Task material:
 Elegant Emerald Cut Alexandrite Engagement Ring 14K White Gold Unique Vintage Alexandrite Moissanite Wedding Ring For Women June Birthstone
* * *
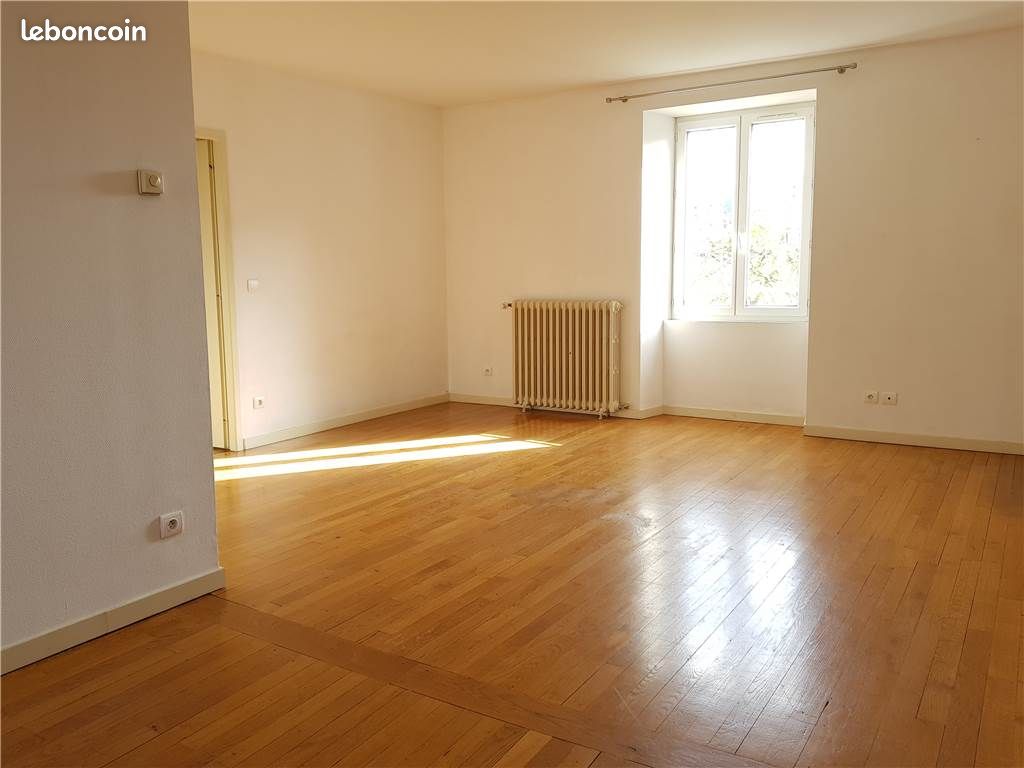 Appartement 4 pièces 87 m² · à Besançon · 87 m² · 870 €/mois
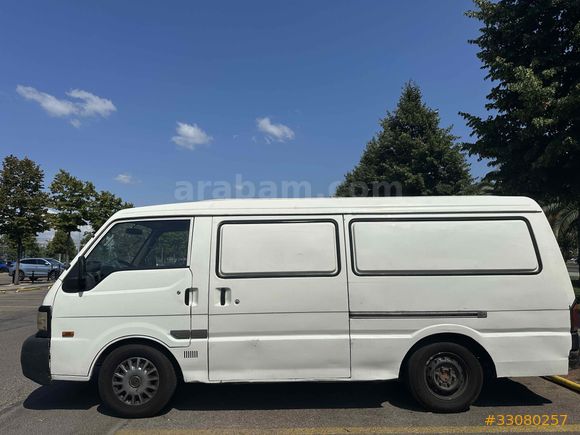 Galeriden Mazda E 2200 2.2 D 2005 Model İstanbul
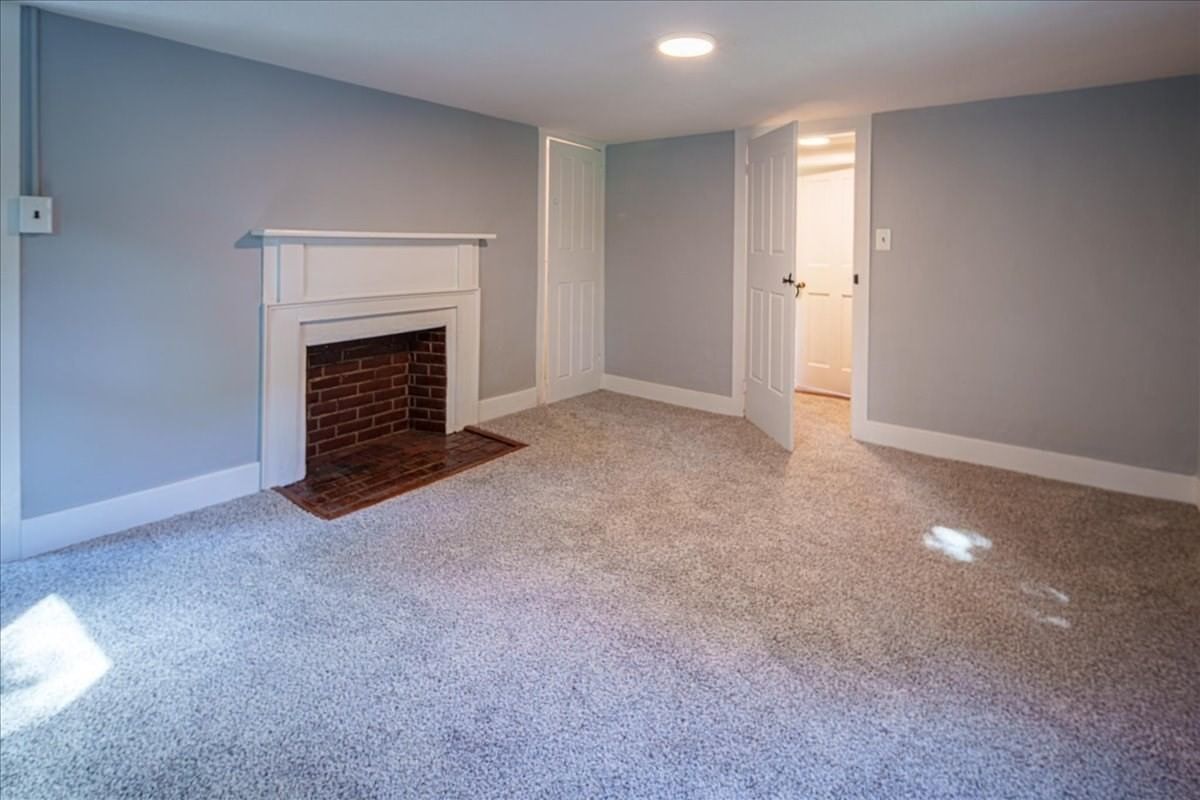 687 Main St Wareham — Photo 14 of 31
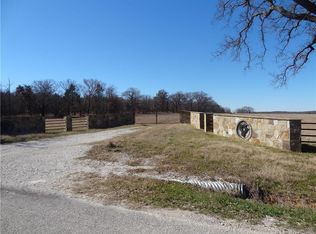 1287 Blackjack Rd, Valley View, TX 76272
* * *
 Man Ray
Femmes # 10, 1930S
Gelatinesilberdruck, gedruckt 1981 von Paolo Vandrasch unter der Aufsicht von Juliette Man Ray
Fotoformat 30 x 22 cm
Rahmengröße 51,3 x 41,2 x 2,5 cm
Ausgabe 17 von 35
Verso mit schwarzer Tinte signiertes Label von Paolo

Required action: With the pictures omitted, print the lines above exactly, beginning at the line with "Appartement 4 pièces" and going on through the line with "1287 Blackjack Rd, Valley View, TX 76272".

Solution to this problem:
 Appartement 4 pièces 87 m² · à Besançon · 87 m² · 870 €/mois
 Galeriden Mazda E 2200 2.2 D 2005 Model İstanbul
 687 Main St Wareham — Photo 14 of 31
 1287 Blackjack Rd, Valley View, TX 76272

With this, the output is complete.